Marilyn Image

Marilyn

By Alex Saveliev | April 26, 2019

Sometimes, I come across a film that leaves me utterly flabbergasted. I can see its perhaps-honorable intention, yet the execution is so misguided, it obliterates any attempts at pathos or insight. Martín Rodríguez Redondo’s Marilyn is such a film. It’s quite evident that Redondo is attempting to make a statement about being ostracized – and his feature could have been a much-needed addition to the still-niche LGBTQ subgenre. Instead, it’s a dreary slog, made worse by its unwarranted stabs at artistic merit.

Marcos (Walter Rodriguez) leads a noneventful life on a heat-wave-stricken Argentinian cattle farm with his brother Carlitos (Ignacio Giménez), father Carlos (Germán de Silva) and mother Olga (Catalina Saavedra). Carlos harbors dreams of Marcos going to school, convinced that the younger sibling would eventually “provide for the family.”

“…a romance with local hunk Fede puts Marcos under the risk of a psychotic breakdown…”

However, Marcos is more interested in the skirts Olga sells, filming himself trying them on in secret. He is harassed by the local gang of scooter-riding young men and terrified to come out to his uptight mother. Soon, Carlos’ unexpected death puts the farm under financial risk – as a romance with local hunk Fede (Andrew Bargsted) puts Marcos under the risk of a psychotic breakdown.

I found everything about the film gratuitous: its one-note central performance by Rodriguez, its pseudo-artsy love sequences, its deliberately deliberate pace punctured by violence (e.g., a graphic rape) and flashes of supposed exuberance (e.g., a jarring festival sequence). Redondo keeps the protagonist at arm’s length, never truly probing his soul, and therefore rendering his actions during the finale that much more reprehensible – not just from his perspective, but unearned by the so-called “build-up” that precedes it.
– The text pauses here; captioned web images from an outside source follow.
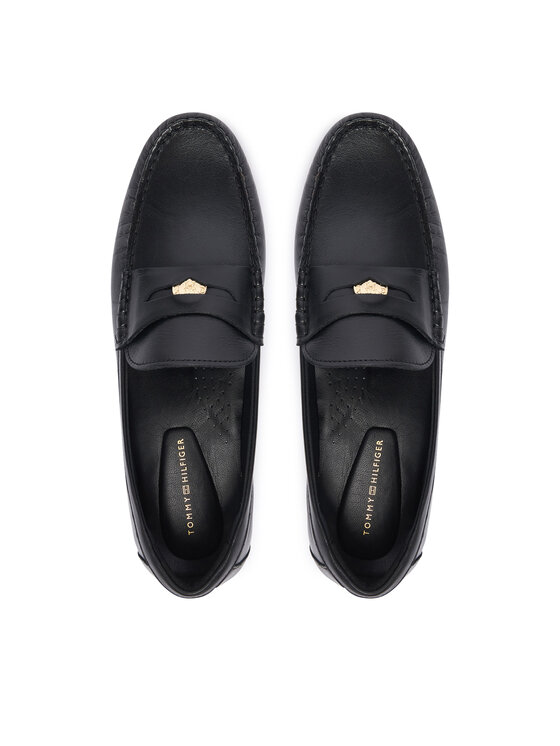 Tommy Hilfiger Čevlji brez vezalk Tommy Hilfiger Coin Classic Loafer Pods FW0FW09499 Črna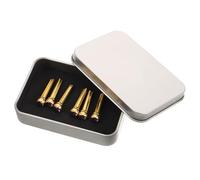 TOPBATHY 6 Pièces Bridge Pins For Acoustic Guitar Brass Guitar String Pegs With Secure Fixation Compatible Replacement Set For Enhanced Sound And Stable Tuning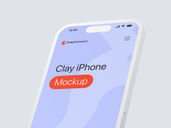 Phone Clay Mockup Low Angle View Preview 3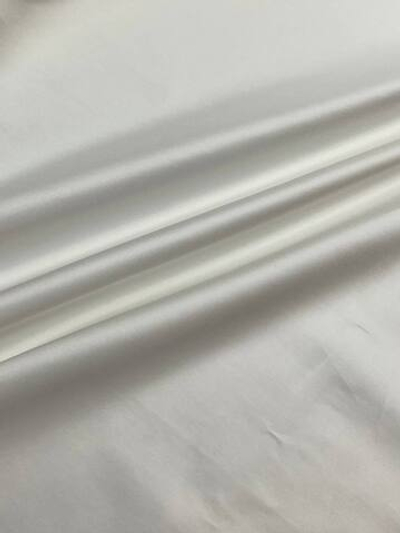 Шелк с хлопком белый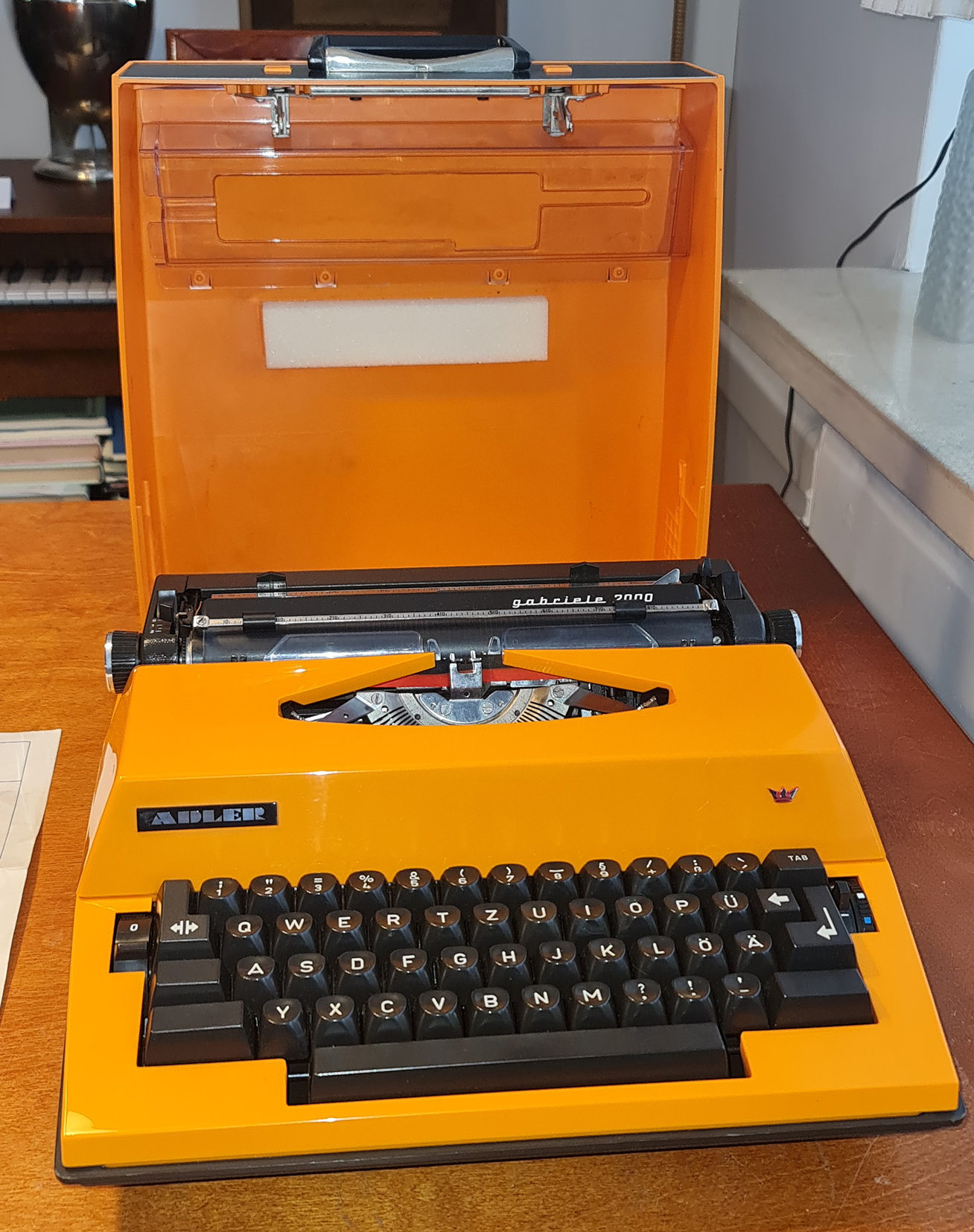Now i'd like to show you my 1973 Adler Gabriele 2000 in its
One thing that works well is Catalina Saavedra’s performance as the tormented Olga. The actress finds truth in an underwritten character. She reminds us that cinema needs more well-acted, nuanced films about those who are still inexplicably shunned. Sadly, Marylin brings little to that table. It purports to say a lot with a little but ends up saying very little with, well, a little.

Marylin (2019) Directed by Martín Rodríguez Redondo. Starring Walter Rodríguez, Catalina Saavedra, Andrew Bargsted, Germán de Silva, Ignacio Giménez, Josefina Paredes.